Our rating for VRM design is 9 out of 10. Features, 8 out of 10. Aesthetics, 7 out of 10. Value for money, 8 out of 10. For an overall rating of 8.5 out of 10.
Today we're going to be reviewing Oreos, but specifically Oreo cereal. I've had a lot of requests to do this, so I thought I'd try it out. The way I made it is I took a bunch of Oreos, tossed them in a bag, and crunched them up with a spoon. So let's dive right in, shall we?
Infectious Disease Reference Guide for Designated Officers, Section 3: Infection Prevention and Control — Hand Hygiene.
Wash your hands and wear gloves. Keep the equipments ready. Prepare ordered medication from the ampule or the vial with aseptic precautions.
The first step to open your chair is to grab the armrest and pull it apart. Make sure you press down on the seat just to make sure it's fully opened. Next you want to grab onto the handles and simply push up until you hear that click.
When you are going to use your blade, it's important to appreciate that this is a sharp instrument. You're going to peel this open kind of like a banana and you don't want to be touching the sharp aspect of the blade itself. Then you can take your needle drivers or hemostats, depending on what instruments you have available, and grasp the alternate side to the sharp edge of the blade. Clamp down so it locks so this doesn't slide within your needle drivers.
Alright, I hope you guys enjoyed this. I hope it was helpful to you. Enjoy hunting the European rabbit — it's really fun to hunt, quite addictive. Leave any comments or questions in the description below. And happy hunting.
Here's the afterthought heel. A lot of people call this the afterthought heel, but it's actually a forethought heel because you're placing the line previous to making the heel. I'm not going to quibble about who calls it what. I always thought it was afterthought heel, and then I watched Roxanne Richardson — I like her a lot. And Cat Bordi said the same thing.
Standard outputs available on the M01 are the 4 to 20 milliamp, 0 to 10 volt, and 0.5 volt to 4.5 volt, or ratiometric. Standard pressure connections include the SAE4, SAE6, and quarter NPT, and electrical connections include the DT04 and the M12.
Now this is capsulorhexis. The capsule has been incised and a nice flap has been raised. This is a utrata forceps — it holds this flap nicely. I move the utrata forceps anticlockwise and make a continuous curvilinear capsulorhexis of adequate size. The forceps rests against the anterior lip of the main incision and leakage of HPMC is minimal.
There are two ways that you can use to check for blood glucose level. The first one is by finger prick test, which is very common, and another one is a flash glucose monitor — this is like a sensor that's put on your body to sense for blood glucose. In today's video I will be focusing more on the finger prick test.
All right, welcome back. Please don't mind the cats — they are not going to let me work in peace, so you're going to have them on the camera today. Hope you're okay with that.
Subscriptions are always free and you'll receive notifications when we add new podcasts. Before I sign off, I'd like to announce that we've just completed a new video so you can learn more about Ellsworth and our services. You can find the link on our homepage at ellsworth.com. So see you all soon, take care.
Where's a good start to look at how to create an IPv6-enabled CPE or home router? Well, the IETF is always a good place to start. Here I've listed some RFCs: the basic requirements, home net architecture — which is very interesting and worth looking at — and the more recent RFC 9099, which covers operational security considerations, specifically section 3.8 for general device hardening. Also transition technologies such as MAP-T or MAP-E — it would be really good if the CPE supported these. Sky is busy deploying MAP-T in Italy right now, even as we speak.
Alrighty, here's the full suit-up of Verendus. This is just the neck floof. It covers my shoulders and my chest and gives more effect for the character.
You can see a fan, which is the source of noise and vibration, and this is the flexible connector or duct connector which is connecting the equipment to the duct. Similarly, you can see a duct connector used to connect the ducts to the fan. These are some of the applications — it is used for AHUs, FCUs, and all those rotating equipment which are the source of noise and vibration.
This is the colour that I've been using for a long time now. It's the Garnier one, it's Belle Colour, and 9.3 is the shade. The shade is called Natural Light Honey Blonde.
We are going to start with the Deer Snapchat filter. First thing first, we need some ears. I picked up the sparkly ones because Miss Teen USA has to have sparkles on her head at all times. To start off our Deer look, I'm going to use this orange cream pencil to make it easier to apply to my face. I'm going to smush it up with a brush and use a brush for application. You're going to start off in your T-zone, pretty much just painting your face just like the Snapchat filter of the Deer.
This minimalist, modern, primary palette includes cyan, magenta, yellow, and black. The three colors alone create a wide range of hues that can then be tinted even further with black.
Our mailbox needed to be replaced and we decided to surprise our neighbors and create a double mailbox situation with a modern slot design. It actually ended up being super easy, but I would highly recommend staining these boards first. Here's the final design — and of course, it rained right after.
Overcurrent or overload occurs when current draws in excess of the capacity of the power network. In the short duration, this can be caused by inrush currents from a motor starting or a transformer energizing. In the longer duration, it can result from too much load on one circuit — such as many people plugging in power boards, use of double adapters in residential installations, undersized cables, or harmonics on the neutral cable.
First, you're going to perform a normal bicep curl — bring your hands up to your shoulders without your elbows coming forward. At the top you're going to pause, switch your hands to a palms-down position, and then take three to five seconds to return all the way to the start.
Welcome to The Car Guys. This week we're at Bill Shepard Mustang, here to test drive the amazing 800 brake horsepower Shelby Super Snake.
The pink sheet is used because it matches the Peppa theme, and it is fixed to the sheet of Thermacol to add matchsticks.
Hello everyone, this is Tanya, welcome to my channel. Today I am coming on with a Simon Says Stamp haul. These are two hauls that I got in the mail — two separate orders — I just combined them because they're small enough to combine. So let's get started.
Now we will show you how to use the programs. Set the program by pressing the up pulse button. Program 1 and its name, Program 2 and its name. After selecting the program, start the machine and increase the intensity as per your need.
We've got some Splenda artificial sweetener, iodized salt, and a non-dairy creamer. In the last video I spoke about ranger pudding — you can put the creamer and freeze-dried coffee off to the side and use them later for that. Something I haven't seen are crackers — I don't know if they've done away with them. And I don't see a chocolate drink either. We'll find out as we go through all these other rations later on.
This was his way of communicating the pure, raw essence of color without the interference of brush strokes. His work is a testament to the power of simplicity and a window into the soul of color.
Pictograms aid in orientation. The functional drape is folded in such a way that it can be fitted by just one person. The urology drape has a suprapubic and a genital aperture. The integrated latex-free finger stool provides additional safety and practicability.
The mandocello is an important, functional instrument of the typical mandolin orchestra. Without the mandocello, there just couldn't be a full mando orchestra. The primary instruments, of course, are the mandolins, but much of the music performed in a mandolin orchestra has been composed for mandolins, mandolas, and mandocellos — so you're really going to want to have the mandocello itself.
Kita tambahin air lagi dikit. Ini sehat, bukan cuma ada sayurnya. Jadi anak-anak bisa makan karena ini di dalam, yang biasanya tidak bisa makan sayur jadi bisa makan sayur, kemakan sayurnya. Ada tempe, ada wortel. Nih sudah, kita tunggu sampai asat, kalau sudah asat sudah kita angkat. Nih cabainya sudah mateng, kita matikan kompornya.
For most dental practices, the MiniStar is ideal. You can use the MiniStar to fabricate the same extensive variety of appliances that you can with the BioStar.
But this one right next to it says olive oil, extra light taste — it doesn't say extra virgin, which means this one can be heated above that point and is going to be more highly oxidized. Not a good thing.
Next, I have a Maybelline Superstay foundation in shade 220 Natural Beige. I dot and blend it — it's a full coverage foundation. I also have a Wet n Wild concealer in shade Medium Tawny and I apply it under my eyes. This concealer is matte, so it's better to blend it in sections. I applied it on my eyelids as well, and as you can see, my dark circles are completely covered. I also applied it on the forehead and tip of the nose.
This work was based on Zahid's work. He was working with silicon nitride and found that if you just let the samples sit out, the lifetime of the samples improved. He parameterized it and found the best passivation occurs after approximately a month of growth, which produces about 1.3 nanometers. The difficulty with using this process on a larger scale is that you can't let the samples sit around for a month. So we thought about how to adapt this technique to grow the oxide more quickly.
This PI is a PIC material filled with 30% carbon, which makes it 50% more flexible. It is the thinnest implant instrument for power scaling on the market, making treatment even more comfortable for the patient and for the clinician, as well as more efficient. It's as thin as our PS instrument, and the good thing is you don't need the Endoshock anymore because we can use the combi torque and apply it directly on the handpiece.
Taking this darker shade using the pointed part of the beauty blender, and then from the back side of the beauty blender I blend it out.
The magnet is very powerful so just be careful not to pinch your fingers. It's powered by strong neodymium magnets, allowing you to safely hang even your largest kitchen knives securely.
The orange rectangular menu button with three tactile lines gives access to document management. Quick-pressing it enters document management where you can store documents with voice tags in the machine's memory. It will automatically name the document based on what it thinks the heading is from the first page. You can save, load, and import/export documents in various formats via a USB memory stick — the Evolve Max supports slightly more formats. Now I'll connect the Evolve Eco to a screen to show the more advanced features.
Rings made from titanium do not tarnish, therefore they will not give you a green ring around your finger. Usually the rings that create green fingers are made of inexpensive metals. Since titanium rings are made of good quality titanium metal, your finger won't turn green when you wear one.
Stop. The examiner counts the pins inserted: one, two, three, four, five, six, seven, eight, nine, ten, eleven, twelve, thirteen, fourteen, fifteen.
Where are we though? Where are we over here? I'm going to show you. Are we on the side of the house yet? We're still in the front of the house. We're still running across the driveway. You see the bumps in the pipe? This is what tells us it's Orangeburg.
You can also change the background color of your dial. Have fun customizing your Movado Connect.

● ● ● ● ● ● ●

EXERCISE BRIEF -> The required answer is the exact run of lines above starting at the line with "Standard outputs available" and ending at the line with "Subscriptions are always", with both ends present.

THE ANSWER ->
Standard outputs available on the M01 are the 4 to 20 milliamp, 0 to 10 volt, and 0.5 volt to 4.5 volt, or ratiometric. Standard pressure connections include the SAE4, SAE6, and quarter NPT, and electrical connections include the DT04 and the M12.
Now this is capsulorhexis. The capsule has been incised and a nice flap has been raised. This is a utrata forceps — it holds this flap nicely. I move the utrata forceps anticlockwise and make a continuous curvilinear capsulorhexis of adequate size. The forceps rests against the anterior lip of the main incision and leakage of HPMC is minimal.
There are two ways that you can use to check for blood glucose level. The first one is by finger prick test, which is very common, and another one is a flash glucose monitor — this is like a sensor that's put on your body to sense for blood glucose. In today's video I will be focusing more on the finger prick test.
All right, welcome back. Please don't mind the cats — they are not going to let me work in peace, so you're going to have them on the camera today. Hope you're okay with that.
Subscriptions are always free and you'll receive notifications when we add new podcasts. Before I sign off, I'd like to announce that we've just completed a new video so you can learn more about Ellsworth and our services. You can find the link on our homepage at ellsworth.com. So see you all soon, take care.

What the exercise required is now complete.